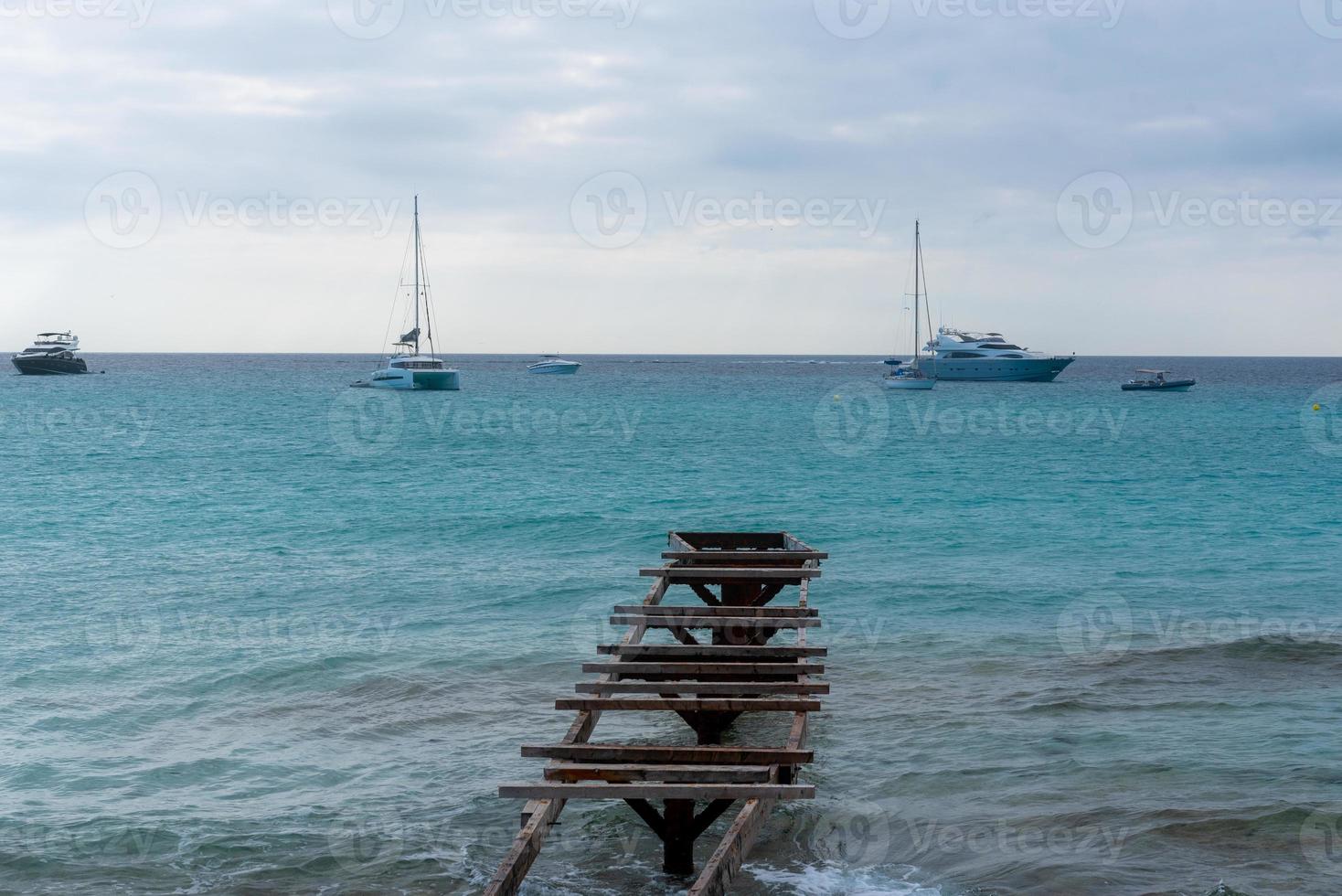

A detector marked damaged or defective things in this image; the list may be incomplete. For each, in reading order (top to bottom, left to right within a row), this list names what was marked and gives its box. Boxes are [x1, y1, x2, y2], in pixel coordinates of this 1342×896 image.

broken wooden jetty [488, 530, 826, 895]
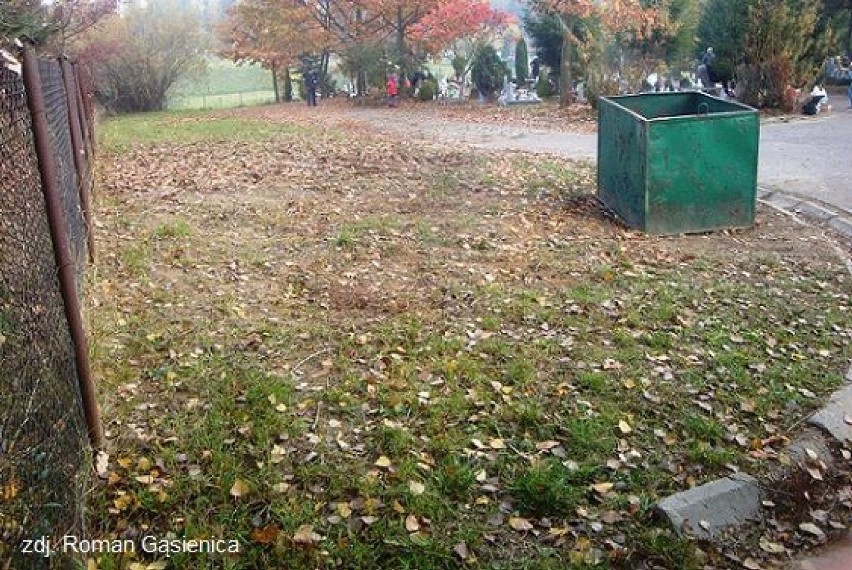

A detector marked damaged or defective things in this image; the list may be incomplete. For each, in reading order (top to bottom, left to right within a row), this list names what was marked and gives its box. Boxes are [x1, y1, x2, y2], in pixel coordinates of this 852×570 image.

rusty metal fence post [20, 46, 103, 446]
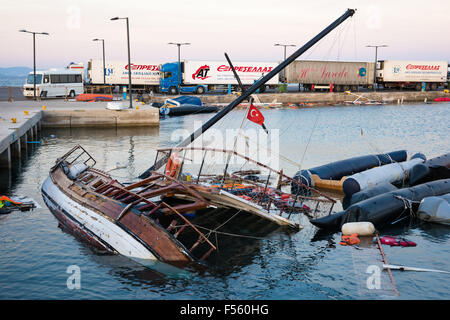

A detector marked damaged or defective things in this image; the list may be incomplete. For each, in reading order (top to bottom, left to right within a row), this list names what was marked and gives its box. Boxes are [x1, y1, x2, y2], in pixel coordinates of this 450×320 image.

damaged wooden boat [39, 8, 356, 266]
━━━━━━━━━━━━━━━━━━━━━━━━━━━━━━
From the first record to the last, print everything again exactly, without pictures.

Finished exercise.
A detector marked damaged or defective things in this image; the list may be incomplete. For each, in reading order (top to bottom, left to right within a row), this list names what was marked and gives its box. Boxes are [x1, y1, x2, y2], in pixel coordinates of this 1342×896 image.

broken wooden jetty [488, 530, 826, 895]

A detector marked damaged or defective things in this image; the list may be incomplete. For each, in reading order (top to bottom, left to right within a row), this list names what was marked and gives its box. Boxes are [x1, y1, x2, y2], in pixel coordinates of this 852×570 image.

rusty metal fence post [20, 46, 103, 446]

A detector marked damaged or defective things in this image; the list may be incomplete. For each, in reading order (top to bottom, left to right within a row), this list names what was marked and gives its box. Boxes are [x1, y1, x2, y2], in pixel coordinates of this 450×320 image.

damaged wooden boat [39, 8, 356, 266]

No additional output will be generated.